What to do ▸ The required output is the stretch from the line containing "If you have" through the line containing "As per your" in the records below, unaltered and with no pictures.

Data to process ▸
————————
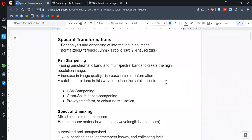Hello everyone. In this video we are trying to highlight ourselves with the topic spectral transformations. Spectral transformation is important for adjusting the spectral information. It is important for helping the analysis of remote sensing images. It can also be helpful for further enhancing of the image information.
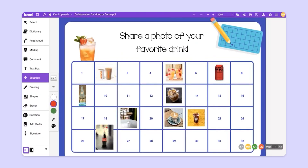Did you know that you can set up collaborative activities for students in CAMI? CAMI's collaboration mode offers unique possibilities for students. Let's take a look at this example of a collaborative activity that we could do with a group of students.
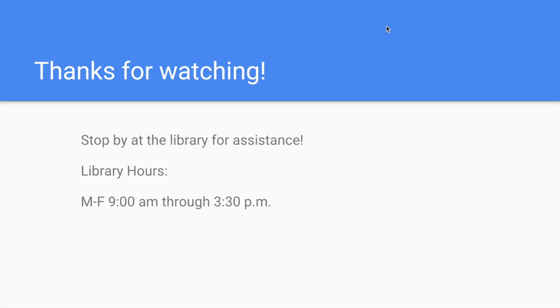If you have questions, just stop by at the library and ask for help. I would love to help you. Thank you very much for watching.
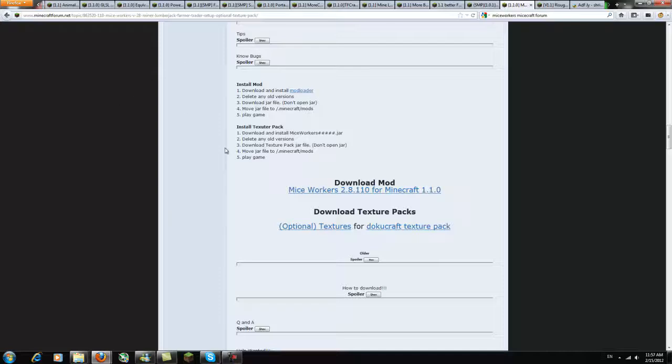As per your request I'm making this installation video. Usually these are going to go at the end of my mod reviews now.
————————
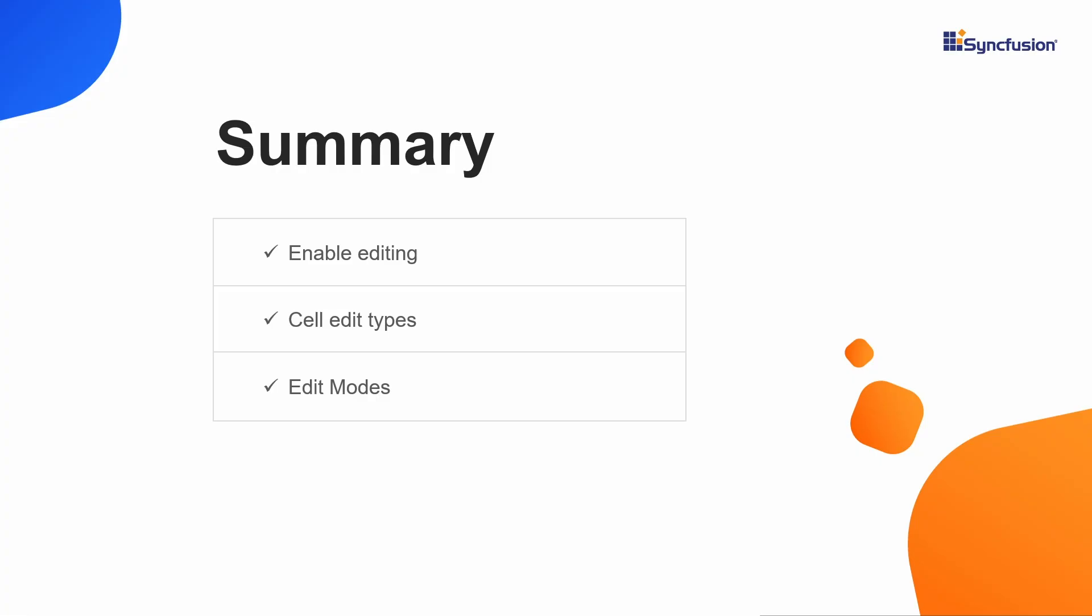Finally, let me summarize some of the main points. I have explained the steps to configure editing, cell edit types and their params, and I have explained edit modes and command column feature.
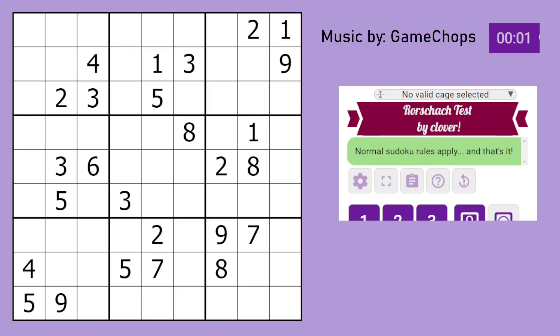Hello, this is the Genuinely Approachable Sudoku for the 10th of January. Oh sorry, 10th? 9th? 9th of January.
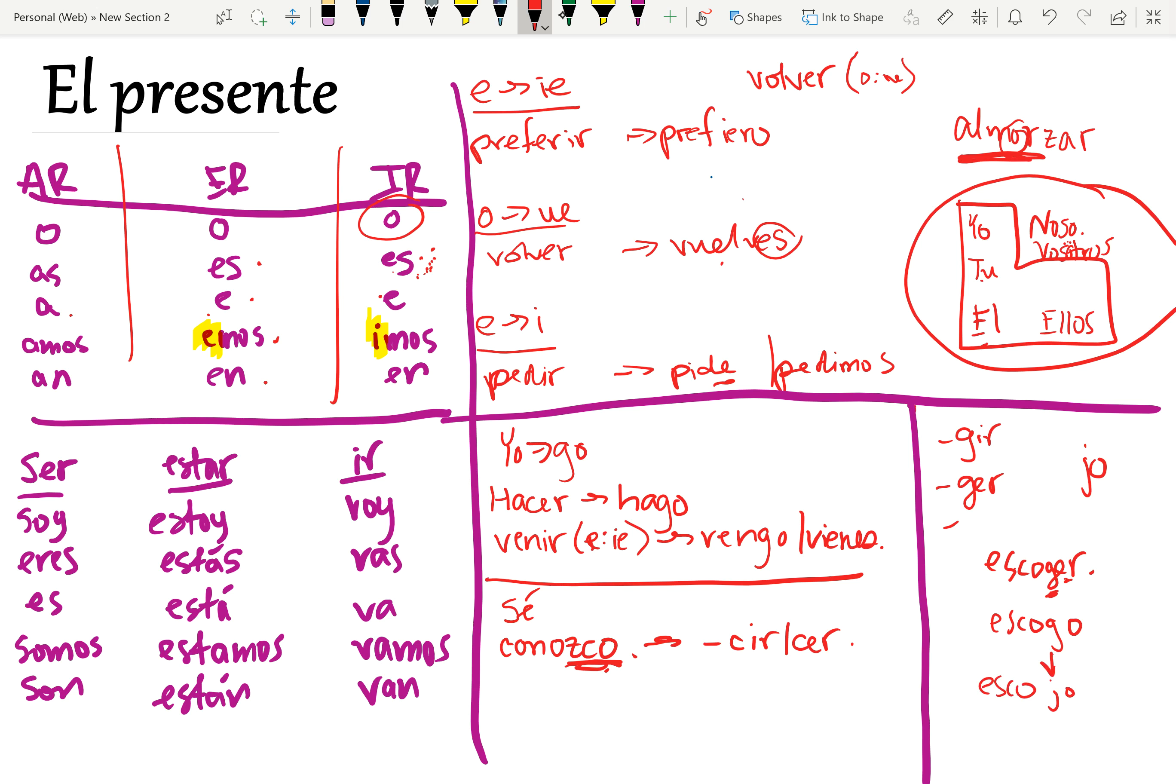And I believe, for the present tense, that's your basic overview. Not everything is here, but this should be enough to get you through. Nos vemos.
————————
Response area ▸
If you have questions, just stop by at the library and ask for help. I would love to help you. Thank you very much for watching.
As per your request I'm making this installation video. Usually these are going to go at the end of my mod reviews now.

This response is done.